> **Aim of the task**
Produce as output only the lines below starting at the line with "Yu-Gi-Oh! Booster Dragon" and continuing through the line with "Makita DJV185RF1J Akku-Pendelhubstichsäge", each one exactly as written.

> **Raw data**
────────────────────────────────────────

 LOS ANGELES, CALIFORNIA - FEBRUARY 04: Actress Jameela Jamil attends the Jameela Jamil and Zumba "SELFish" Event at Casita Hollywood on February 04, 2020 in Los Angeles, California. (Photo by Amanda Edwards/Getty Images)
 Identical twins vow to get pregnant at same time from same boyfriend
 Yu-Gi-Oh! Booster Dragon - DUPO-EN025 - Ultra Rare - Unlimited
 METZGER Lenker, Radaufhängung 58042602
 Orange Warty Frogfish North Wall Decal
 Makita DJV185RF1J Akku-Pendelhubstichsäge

────────────────────────────────────────

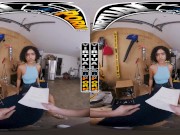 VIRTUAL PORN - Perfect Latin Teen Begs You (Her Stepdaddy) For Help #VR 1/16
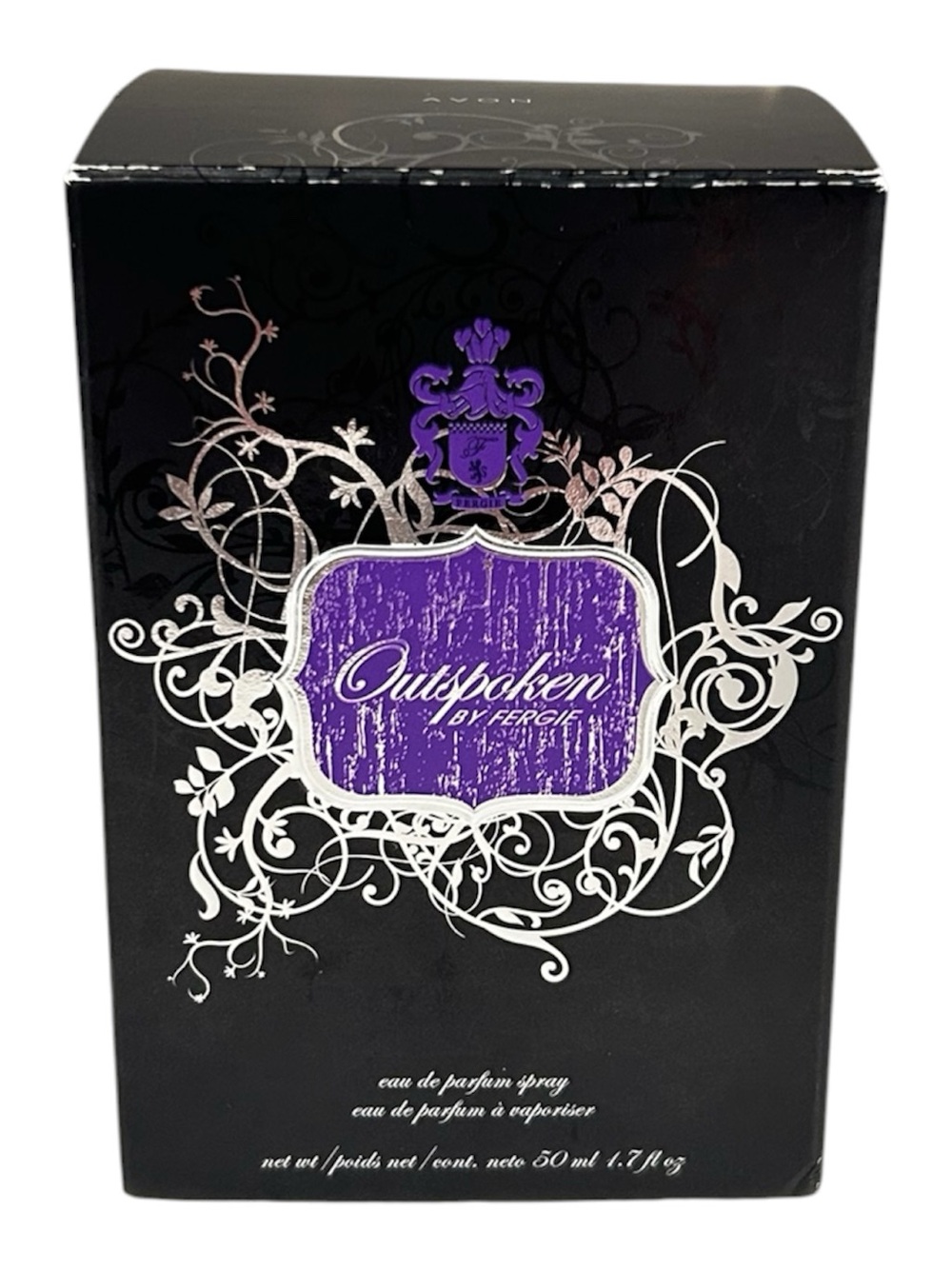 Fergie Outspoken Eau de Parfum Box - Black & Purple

────────────────────────────────────────

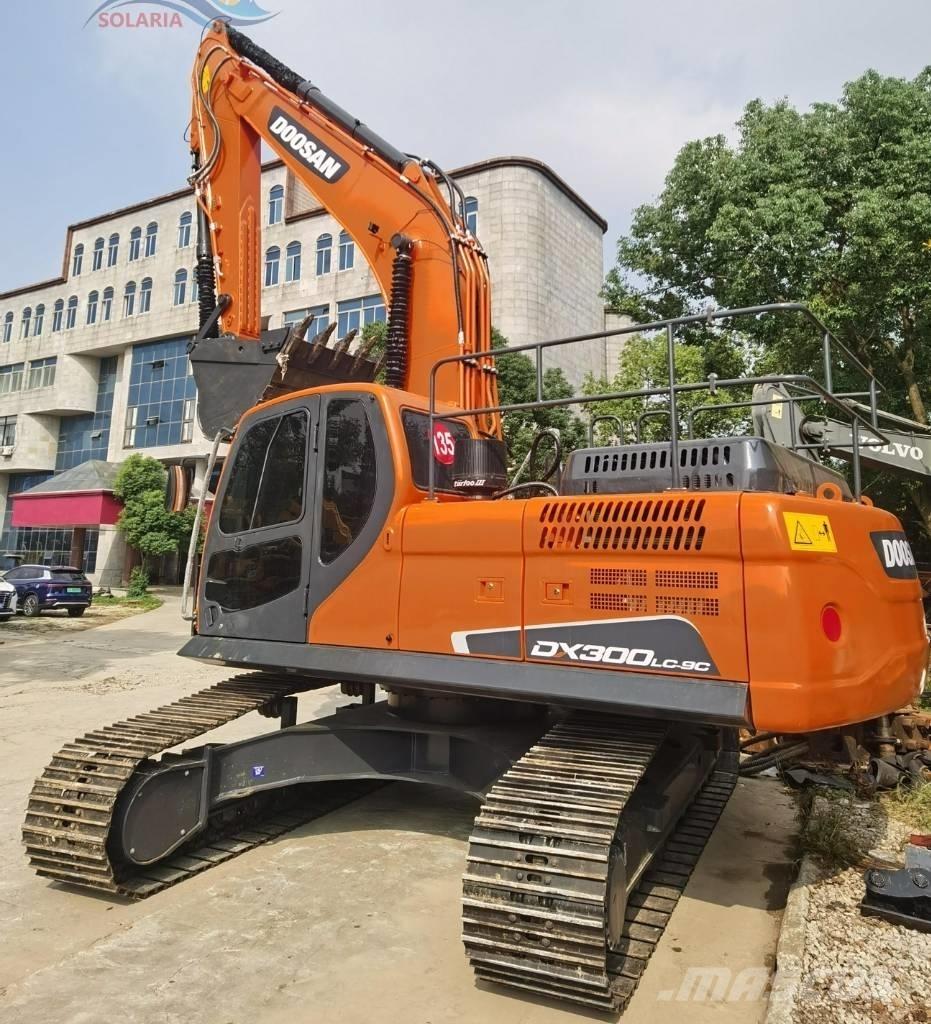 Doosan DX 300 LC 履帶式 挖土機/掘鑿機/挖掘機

────────────────────────────────────────

> **Task output**
 Yu-Gi-Oh! Booster Dragon - DUPO-EN025 - Ultra Rare - Unlimited
 METZGER Lenker, Radaufhängung 58042602
 Orange Warty Frogfish North Wall Decal
 Makita DJV185RF1J Akku-Pendelhubstichsäge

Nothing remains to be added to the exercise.